** What the task asks **
Only the lines from the one that contains "USS Juneau LPD" through the last line of the data below should be duplicated, exactly and without pictures.

####################

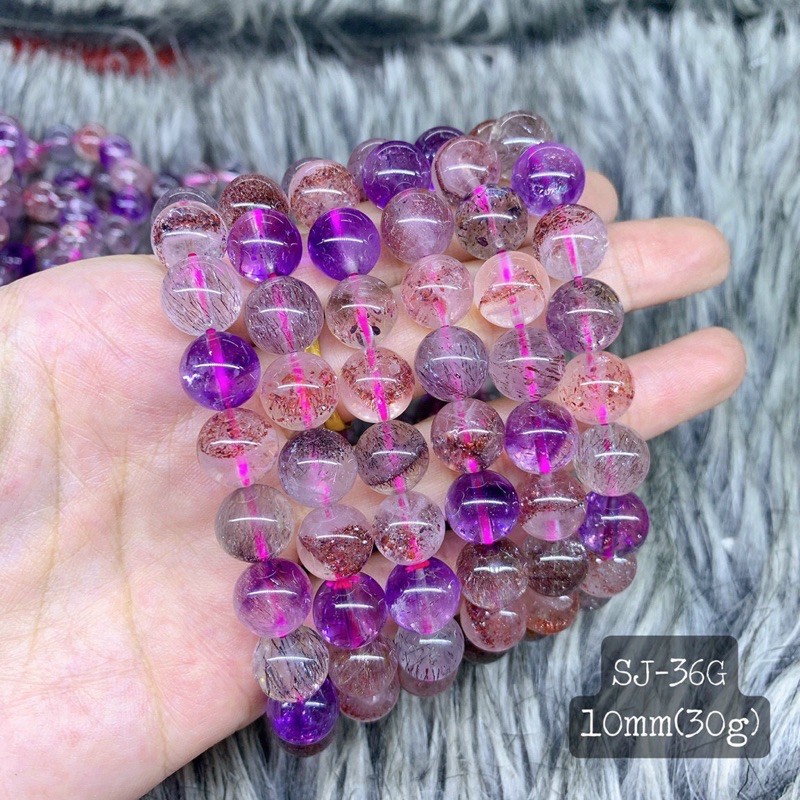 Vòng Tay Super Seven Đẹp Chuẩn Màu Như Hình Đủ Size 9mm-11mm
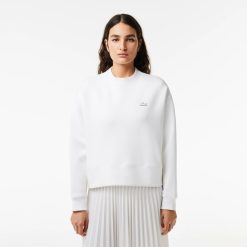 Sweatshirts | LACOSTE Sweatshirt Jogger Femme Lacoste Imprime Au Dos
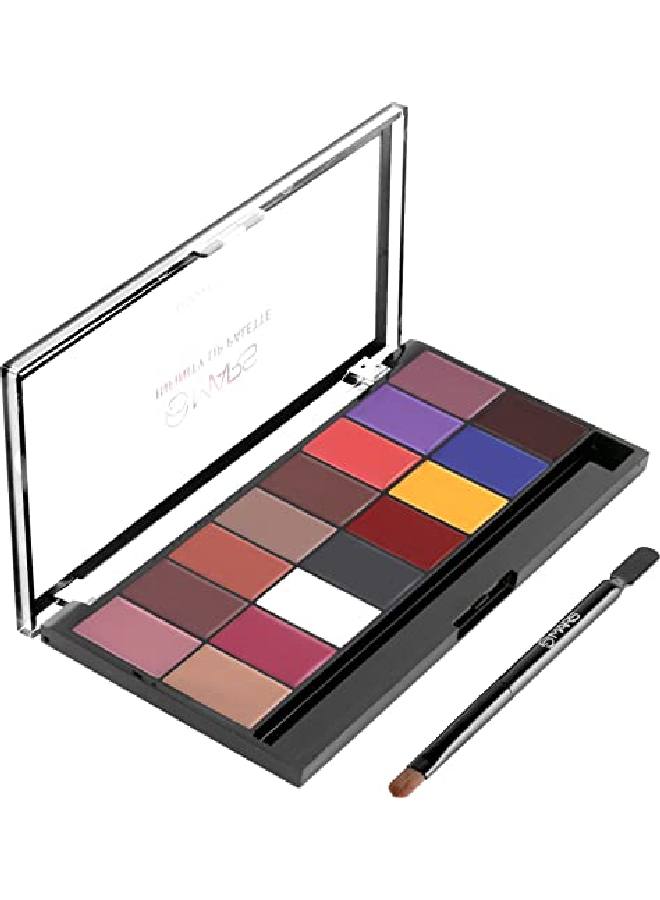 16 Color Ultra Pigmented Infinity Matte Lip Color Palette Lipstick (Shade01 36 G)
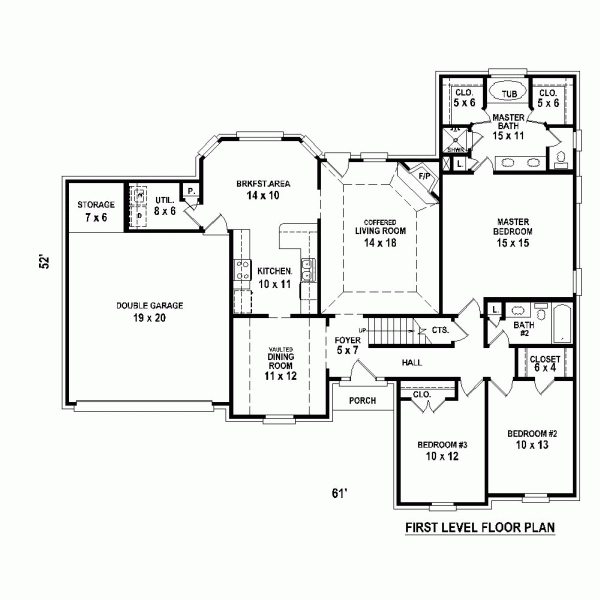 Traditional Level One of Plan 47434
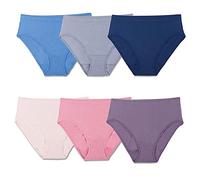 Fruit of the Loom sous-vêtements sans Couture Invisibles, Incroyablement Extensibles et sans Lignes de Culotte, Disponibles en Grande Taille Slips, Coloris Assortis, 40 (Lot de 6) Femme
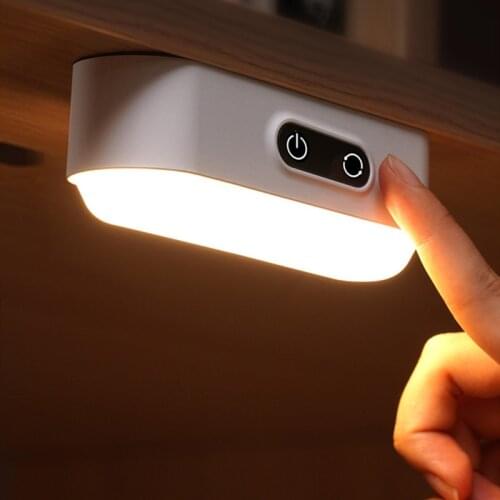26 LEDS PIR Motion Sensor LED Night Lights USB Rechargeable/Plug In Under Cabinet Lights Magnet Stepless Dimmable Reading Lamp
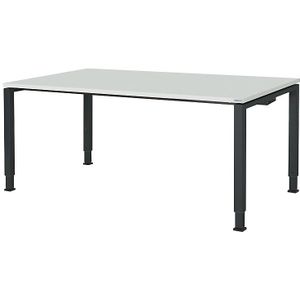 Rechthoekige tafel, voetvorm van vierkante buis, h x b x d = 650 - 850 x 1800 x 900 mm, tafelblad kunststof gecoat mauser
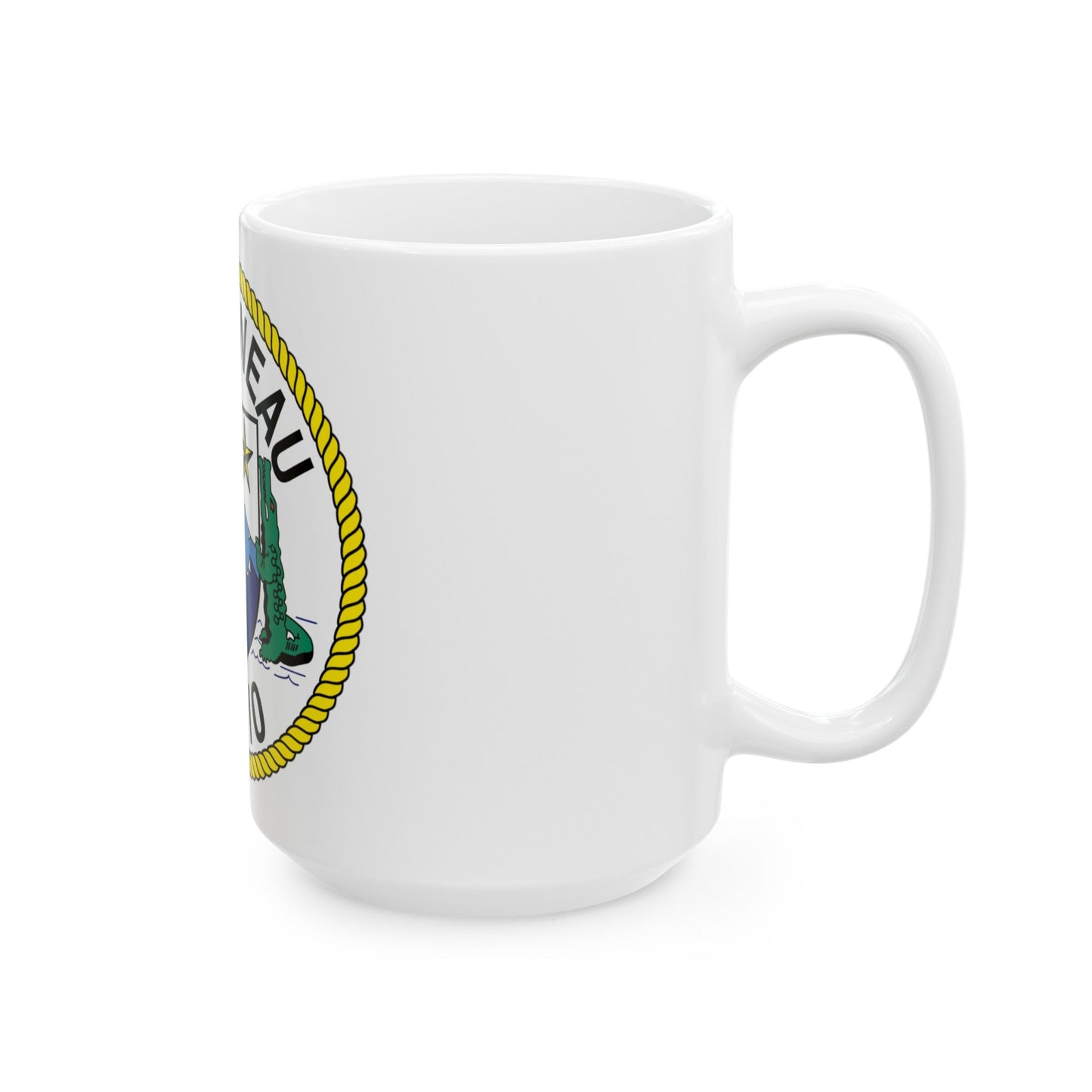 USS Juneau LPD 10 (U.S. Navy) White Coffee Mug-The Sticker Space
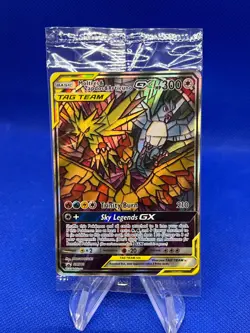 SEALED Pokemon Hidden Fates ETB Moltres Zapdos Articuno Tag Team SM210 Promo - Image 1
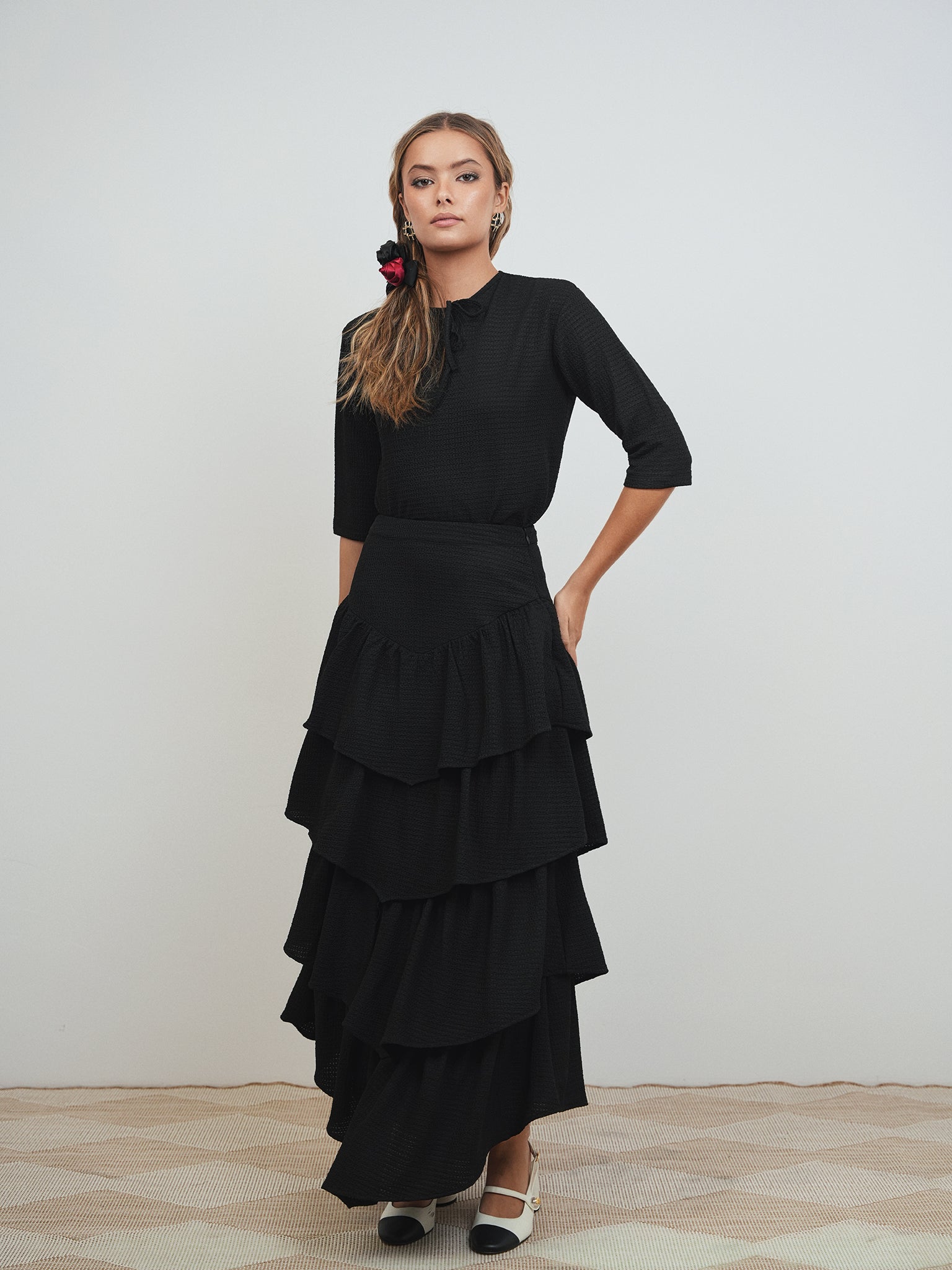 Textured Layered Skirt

####################

** Answer space **
 USS Juneau LPD 10 (U.S. Navy) White Coffee Mug-The Sticker Space
 SEALED Pokemon Hidden Fates ETB Moltres Zapdos Articuno Tag Team SM210 Promo - Image 1
 Textured Layered Skirt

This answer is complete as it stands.